The mission that ended yesterday marks the halfway mark in the EU/IMF bailout.

Rampant unemployment and overspending by the Department of Health were named as particular concerns by the so-called IMF-EU-ECB troika in a statement marking the end of their mission.

The officials also warn that stressed household budgets mean we can expect modest growth in the year ahead.

Real test

Finance Minister Michael Noonan said the real test of the programme's success is whether Ireland can return to borrowing in the bond markets, and ultimately emerge from the rescue.

Such a return to the markets will be difficult because the national debt will peak at almost 120pc of Gross Domestic Product (GDP) next year, Minister Noonan said at a press conference in Dublin yesterday

"We can sustain debt at that level but it's like driving with the handbrake on," he said.

The minister is pressing for the debt burden to be cut radically by breaking the link between the national debt and the cost of the banking rescue.

Talks on such a deal are now under way between the Department of Finance and the troika.

The most radical option being considered is to sell stakes in state-owned banks to the European rescue funds. Cash raised could be used to slash the national debt.

A second option is to ease the repayment terms on the €30bn Anglo Irish Bank rescue, while a third option being considered is to shift tracker mortgages off the balance sheets of state-owned banks, making the lenders more valuable.

A deal on the bank debt is due to be agreed by the end of September, but final implementation could be delayed because a euro area banking supervision scheme will have to be in place before any money changes hands.

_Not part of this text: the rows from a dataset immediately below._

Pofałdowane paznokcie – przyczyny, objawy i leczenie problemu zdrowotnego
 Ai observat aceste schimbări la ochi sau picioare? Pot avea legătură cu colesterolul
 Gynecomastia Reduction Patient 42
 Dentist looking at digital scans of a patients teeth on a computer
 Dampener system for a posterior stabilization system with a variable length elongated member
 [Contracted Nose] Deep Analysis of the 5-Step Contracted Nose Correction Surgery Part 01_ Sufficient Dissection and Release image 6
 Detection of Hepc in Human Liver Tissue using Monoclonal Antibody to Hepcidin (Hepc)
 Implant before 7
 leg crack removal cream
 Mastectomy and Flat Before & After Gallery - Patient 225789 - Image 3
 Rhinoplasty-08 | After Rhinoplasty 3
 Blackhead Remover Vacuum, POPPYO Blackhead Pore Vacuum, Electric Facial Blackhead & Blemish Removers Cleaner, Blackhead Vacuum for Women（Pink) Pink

In a less-positive development, the troika is understood to have asked for an investigation to look at government spending over-runs, particularly in the health budget.

A key concern is delays in negotiating better prices for generic drugs -- especially as pharmaceuticals is Ireland's biggest industry.

"If costs are higher because there are more unemployed on medical cards, that is one thing; but if agreed measures are not being taken, it is another," a source close to the process said.

The Government has pledged to have the health budget back on course by the end of the year, but ministers are being warned that experience in other countries shows that, if background costs are not brought into line, it will lead to cuts in frontline services.

Unemployment, meanwhile, remains the big brake on domestic spending.

Troika officials named a spending programme on education, transport and healthcare to be funded by the European Investment Bank as one potential boost to employment.

Public Expenditure Minister Brendan Howlin said half of any money raised from the sale of parts of Bord Gais and the ESB have been earmarked for jobs-focused investment and added that he plans to test the market for those sales next year.